- What is required
Could you retype all of the records exactly, leaving out every picture?

(Items listed in a dataset)
┄┄┄┄┄┄┄┄┄┄

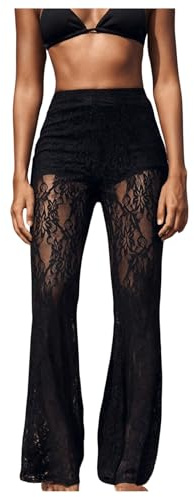 GORGLITTER Women's Lace Flared Trousers Sheer Bell Bottom Balloon Pants | High Waisted Sexy Going Out Party Club Pants, Festival Clothes, Sexy Pants for Women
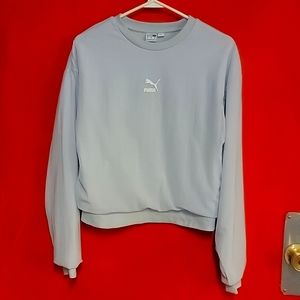 Cute Puma Sweatshirt baby blue mesh overlay size xs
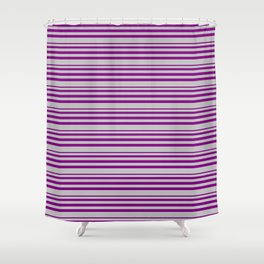 [ Thumbnail: Purple & Grey Colored Lines Pattern Shower Curtain ]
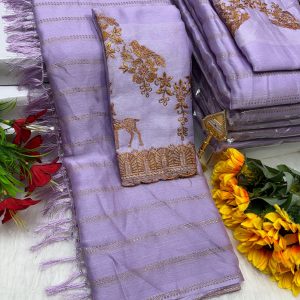 Premium Georgette Fancy Saree | Soft & Smooth Designer Saree with Embroidered Blouse-0040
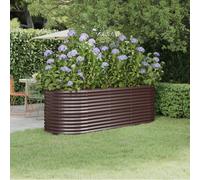 Berkfield Garden Planter Powder-Coated Steel 224X80X68 Cm Brown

┄┄┄┄┄┄┄┄┄┄

- Task solution
 GORGLITTER Women's Lace Flared Trousers Sheer Bell Bottom Balloon Pants | High Waisted Sexy Going Out Party Club Pants, Festival Clothes, Sexy Pants for Women
 Cute Puma Sweatshirt baby blue mesh overlay size xs
 [ Thumbnail: Purple & Grey Colored Lines Pattern Shower Curtain ]
 Premium Georgette Fancy Saree | Soft & Smooth Designer Saree with Embroidered Blouse-0040
 Berkfield Garden Planter Powder-Coated Steel 224X80X68 Cm Brown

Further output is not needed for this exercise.